American brass instrument manufacturer

The Vincent Bach Corporation is an American brass instrument manufacturer based in Elkhart, Indiana, as a subsidiary of Conn-Selmer. The company was founded in 1918 by Austrian-born trumpeter Vincent Bach.

==Vincent Bach==

Vincent Schrottenbach was born in Baden near Vienna in 1890. As a child he received training on violin, trumpet and bugle. By age 12 he had concentrated on the trumpet. After he graduated from Maschinenbauschule (Mechanical Engineering School, Ansbach) with an engineering degree, he entered into compulsory military service in the Imperial Navy, worked as an elevator operator, and then was re-conscripted during which time he served as a military musician in the Austrian Marine Band.

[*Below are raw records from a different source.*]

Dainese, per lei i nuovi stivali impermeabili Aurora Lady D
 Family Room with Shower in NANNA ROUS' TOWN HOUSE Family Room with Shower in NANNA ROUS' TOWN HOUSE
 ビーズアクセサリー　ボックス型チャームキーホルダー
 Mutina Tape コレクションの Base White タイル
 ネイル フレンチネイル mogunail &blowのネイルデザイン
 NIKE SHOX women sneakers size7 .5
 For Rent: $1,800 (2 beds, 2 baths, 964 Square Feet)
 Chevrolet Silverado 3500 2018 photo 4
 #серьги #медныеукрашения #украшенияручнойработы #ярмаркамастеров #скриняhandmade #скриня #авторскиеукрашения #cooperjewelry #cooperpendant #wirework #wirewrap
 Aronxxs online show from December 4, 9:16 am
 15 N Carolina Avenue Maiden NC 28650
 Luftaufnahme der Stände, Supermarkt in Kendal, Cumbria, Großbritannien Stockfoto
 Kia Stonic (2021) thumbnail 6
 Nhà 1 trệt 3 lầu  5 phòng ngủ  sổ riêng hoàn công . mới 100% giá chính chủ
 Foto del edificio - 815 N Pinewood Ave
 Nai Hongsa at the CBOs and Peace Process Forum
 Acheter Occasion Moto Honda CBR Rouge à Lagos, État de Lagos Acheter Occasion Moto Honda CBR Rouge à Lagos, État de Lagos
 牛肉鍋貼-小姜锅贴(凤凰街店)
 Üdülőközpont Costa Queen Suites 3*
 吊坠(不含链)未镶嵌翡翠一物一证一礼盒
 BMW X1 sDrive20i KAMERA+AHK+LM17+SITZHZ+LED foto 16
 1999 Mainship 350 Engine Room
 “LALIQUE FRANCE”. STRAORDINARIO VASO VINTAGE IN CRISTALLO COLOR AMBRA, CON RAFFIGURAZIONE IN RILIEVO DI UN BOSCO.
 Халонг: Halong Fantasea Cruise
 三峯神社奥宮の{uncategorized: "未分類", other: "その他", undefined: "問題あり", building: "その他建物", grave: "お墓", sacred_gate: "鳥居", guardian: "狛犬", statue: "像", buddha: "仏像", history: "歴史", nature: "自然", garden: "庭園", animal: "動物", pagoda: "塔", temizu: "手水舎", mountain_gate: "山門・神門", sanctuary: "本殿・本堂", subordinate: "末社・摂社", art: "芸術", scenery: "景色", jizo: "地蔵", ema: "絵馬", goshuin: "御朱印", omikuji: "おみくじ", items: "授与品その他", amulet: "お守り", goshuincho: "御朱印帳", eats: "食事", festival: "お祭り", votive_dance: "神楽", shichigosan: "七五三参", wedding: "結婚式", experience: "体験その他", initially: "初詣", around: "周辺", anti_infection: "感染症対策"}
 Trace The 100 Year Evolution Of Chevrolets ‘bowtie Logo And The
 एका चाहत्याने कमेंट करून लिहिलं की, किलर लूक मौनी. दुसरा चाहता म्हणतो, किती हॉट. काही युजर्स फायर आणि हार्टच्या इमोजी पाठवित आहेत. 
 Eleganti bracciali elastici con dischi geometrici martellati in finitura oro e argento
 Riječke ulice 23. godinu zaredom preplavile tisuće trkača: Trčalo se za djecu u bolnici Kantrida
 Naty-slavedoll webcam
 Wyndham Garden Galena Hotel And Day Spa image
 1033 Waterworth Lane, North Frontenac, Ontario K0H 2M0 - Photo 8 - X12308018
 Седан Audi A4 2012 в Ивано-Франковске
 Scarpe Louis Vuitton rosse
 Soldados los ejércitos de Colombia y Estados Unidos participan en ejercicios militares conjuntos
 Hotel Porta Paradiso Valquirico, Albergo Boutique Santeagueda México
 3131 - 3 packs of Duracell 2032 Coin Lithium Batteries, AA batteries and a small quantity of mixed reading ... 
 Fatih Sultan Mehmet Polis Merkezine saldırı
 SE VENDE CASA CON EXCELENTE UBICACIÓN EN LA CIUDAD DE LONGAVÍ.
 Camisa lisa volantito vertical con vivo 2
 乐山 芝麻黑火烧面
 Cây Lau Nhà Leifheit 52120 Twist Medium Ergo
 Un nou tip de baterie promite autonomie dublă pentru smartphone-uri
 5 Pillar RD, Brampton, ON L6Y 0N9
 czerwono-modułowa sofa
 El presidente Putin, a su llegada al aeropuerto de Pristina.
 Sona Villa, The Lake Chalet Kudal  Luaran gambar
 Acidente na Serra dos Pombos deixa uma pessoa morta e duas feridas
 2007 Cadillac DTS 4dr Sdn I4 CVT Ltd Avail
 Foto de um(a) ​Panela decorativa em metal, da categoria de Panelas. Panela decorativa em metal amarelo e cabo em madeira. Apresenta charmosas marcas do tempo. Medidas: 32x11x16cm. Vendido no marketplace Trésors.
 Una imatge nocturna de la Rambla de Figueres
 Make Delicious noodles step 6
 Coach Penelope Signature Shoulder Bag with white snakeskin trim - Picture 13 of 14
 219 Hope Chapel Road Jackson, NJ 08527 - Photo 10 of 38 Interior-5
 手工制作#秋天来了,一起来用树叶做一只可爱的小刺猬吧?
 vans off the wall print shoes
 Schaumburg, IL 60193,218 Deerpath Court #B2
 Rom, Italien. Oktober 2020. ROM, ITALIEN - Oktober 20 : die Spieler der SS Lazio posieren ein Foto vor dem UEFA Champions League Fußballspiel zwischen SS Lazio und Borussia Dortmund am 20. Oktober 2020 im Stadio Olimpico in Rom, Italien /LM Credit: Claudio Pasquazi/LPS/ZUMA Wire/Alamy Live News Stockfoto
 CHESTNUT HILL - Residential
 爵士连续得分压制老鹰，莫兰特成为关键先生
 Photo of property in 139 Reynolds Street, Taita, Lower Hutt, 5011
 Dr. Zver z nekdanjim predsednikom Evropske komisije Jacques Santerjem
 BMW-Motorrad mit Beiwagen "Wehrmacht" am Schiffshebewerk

When he left the military the second time, Vincent decided to defy his family's wishes and pursued a career as a solo cornetist touring Europe. At the outbreak of World War I, he was in England and was forced to flee to the United States in order to escape detention as an enemy alien. He resumed his career as a performer, interrupted by another term of compulsory military service, this time in the US military as a musician.

While Bach was on tour in Pittsburgh in 1918, a repairman destroyed his mouthpiece, and Bach began experimenting with mouthpiece repair and fabrication.

==Vincent Bach Corporation==
===New York Period===
Beginnings
- Time frame: 1916 - 1928
- Products: Mouthpieces
- Brand names: Vincent Bach
- Location:
- Serial Numbers: N/A

The Vincent Bach Corporation began when Vincent purchased a $300 foot-operated lathe and began producing mouthpieces in the back of the Selmer music store in New York. He established his shop across the street from the musicians' union. He ran an advertisement that read "How to become a wizard on cornet without practicing" and accumulated $500 in orders in a short time and began his career as a manufacturer. This period came to an end when Bach was drafted into the US military where he served as bandmaster and bugle instructor during WWI.

Start-up
- Time frame: 1918 - 1919
- Products: Mouthpieces
- Brand names: Vincent Bach
- Location: 11 East 14th Street, Selmer Music, New York, New York
- Serial Numbers: N/A

Start-up continued
- Time frame: 1919 - 1922
- Products: Mouthpieces
- Brand names: Vincent Bach
- Location: 204 East 85th street, New York, New York
- Serial Numbers: N/A

Bach resumed his mouthpiece business and started selling how-to guides and music.

Incorporated
- Time frame: 1922 - 1928
- Products: Mouthpieces, Cornets, Trumpets
- Brand names: Stradivarius, Apollo, Mercury
- Location: 237 E. 41st Street, New York, New York
- Serial Numbers: 2-900 (approximate)

By 1922 the company incorporated, had 10 employees and moved into a small factory at 237 E. 41st Street in New York. In 1924 Bach began producing cornets and trumpets under the Stradivarius by Vincent Bach Corporation name. In 1928, tenor and bass trombones were added to the product line as the company expanded and relocated.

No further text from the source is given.